Unique PNG postal use on cover?

 

 

I added up a photo of the cover when it arrived, and told him I’d mailed it back to him as a courtesy. He was shocked to note it bore only a single stamp, and angrily vowed to kick some butts among his mail room staff. 

He was less angry when it was pointed out to him by others on stampboards this was an un-announced 90K overprint, never on sale at Philatelic Bureau, and was indeed by far the highest face value stamp ever issued by PNG!

My guess is, despite his clueless staff affixing it at top right so it got a bit crumpled, AND copped the ugly ozzie ink jet spray cancels, it will likely be a unique use on commercial cover, worth already WELL over the $A45 he paid to mail it!

So sometimes the Good Samaritans come out on top.  Memo to all - NEVER affix any stamp at far top right corner - always place them a few inches in on each side. There is no LEGAL reason not to do so, and stamps then arrives in perfect shape. 

 

“O.P.M. FREE PAPUA” stamp issue.

 

Another lot of PNG related overprints turned up in a multi carton lot of material I bought this month. 1978 "FREE PAPUA" Operation Papua Merdeka - "O.P.M." stamps x set of 11 different.

 

Ever seen these stamps before?

 

 

Seller had a UK specialist journal from the time - "P.P.S. Stamp News" from March 1979, that shows in full a 'Letter To The Editor' to the “Philatelic Exporter” from December 1978, reporting these stamps to the world for the first time.  Also comments from “Stamp News” at from the same era. 

In 35 years of stamp dealing, I have never seen or handled even one of these, much less a set of 11 different of them!  All neatly overprinted with metal type, that much I can confirm, from the “bite” visible on back.

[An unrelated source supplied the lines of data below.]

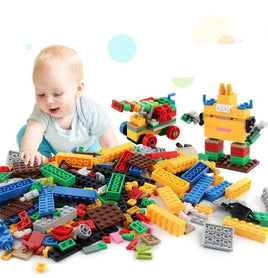 1000 Pieces Building Blocks Sets City DIY Creative Bricks Compatible Lego Minecraft Friends Creator Toys - Lusy Store
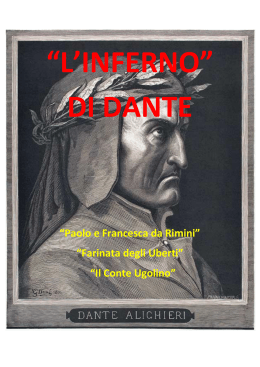 Libretto serate dantesche - Associazione Arte e Cultura Schivenoglia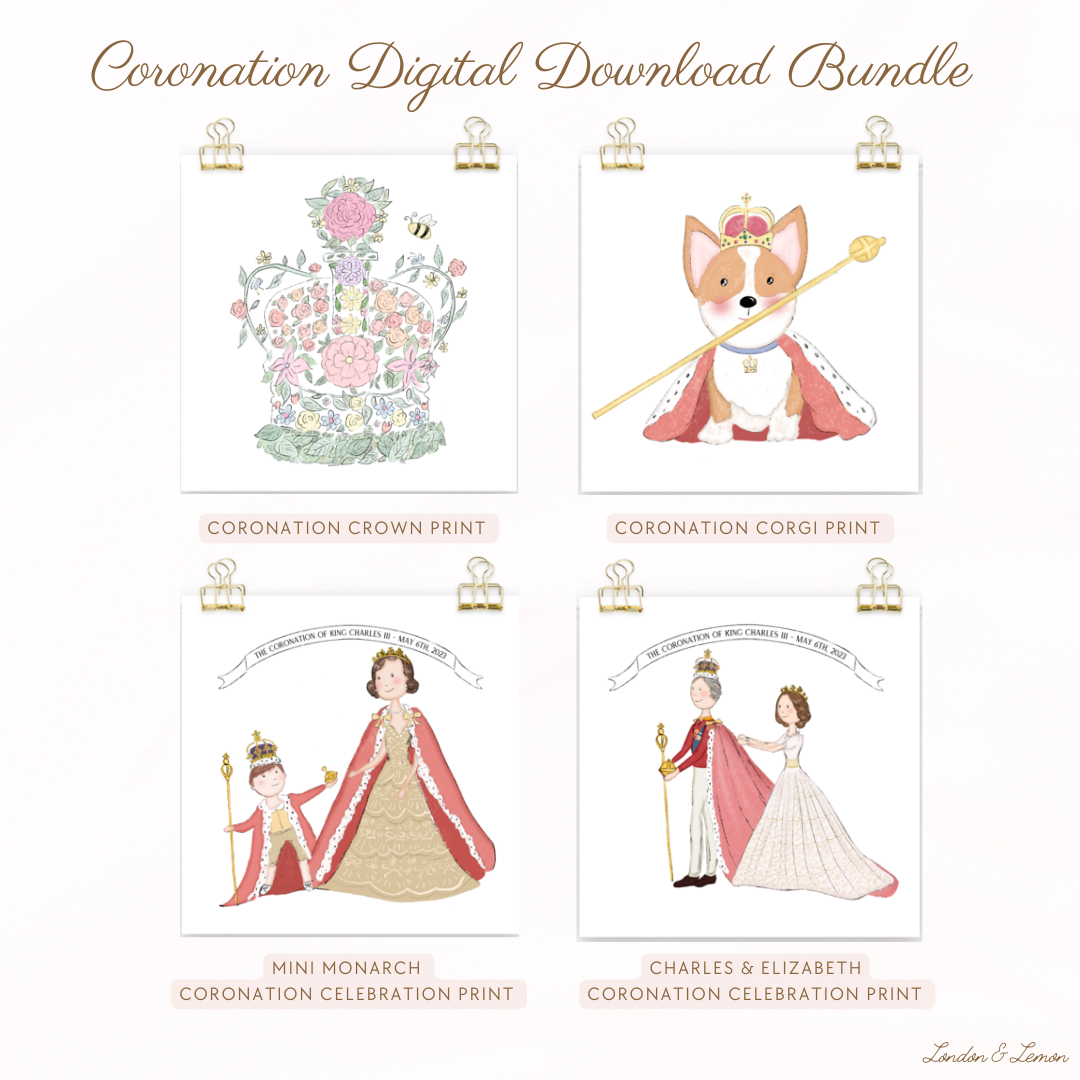 Coronation Collection Illustration Bundle [Digital Download]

Overprints in Indonesia Rupiah currency, different overprint positions, and also INVERTED overprints, and even BLUE overprints - many of which seem not to have been mentioned anywhere on the web that I can see.

 

“O.P.M” Inverted stamp overprint.

 

 

Seller bought these "O.P.M." FREE PAPUA stamps at the issue time, 37 years back. I loaded up many high rez images on stampboards.com for permanent reference, as a guide to what the genuines look like. To assist others in future in case fakes appear etc. 

I cannot see a single one offered now or in the past, on the web or via dealers or auctions, via a google search today. So it is clear not very many were sold to collectors 37 years back.  They sold within hours of being listed on stampboards for a substantial price, and are recorded here for the record.